▶ [TASK INPUT]
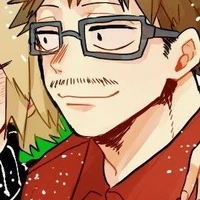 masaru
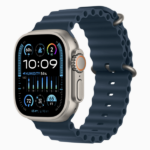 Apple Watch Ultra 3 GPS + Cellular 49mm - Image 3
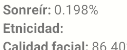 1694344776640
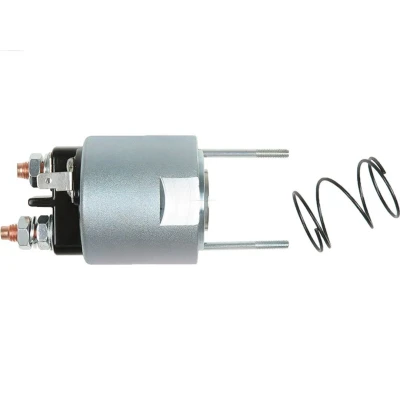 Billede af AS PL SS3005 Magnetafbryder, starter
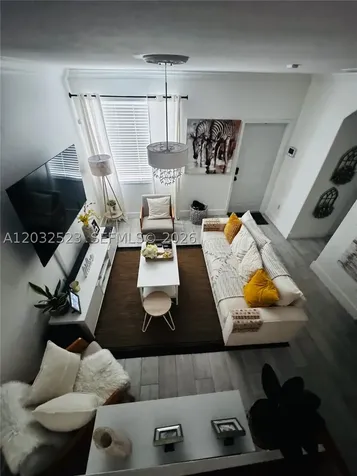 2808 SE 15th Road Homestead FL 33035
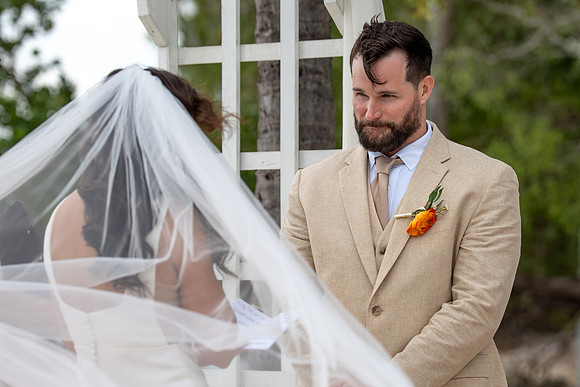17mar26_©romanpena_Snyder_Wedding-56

--

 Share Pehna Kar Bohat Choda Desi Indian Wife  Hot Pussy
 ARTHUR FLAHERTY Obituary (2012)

==

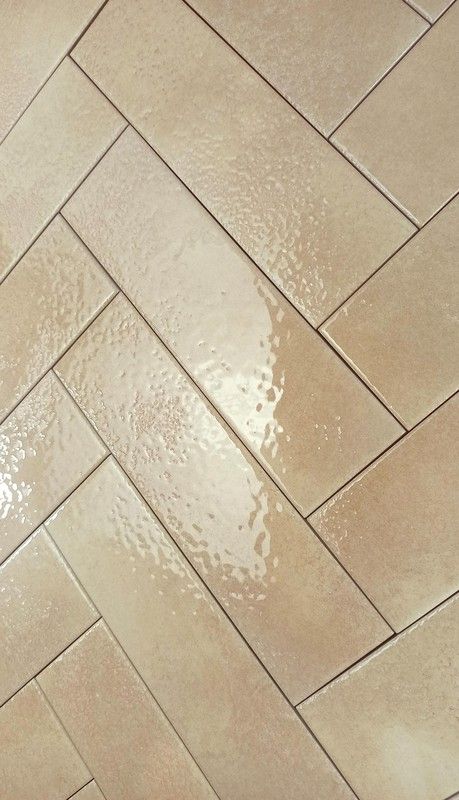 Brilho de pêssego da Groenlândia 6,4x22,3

▶ [EXERCISE] Exactly the lines above from the one that contains "Apple Watch Ultra" down to the one that contains "17mar26_©romanpena_Snyder_Wedding-56" are to be output, both ends kept and pictures omitted.

▶ [ANSWER SECTION]
 Apple Watch Ultra 3 GPS + Cellular 49mm - Image 3
 1694344776640
 Billede af AS PL SS3005 Magnetafbryder, starter
 2808 SE 15th Road Homestead FL 33035
17mar26_©romanpena_Snyder_Wedding-56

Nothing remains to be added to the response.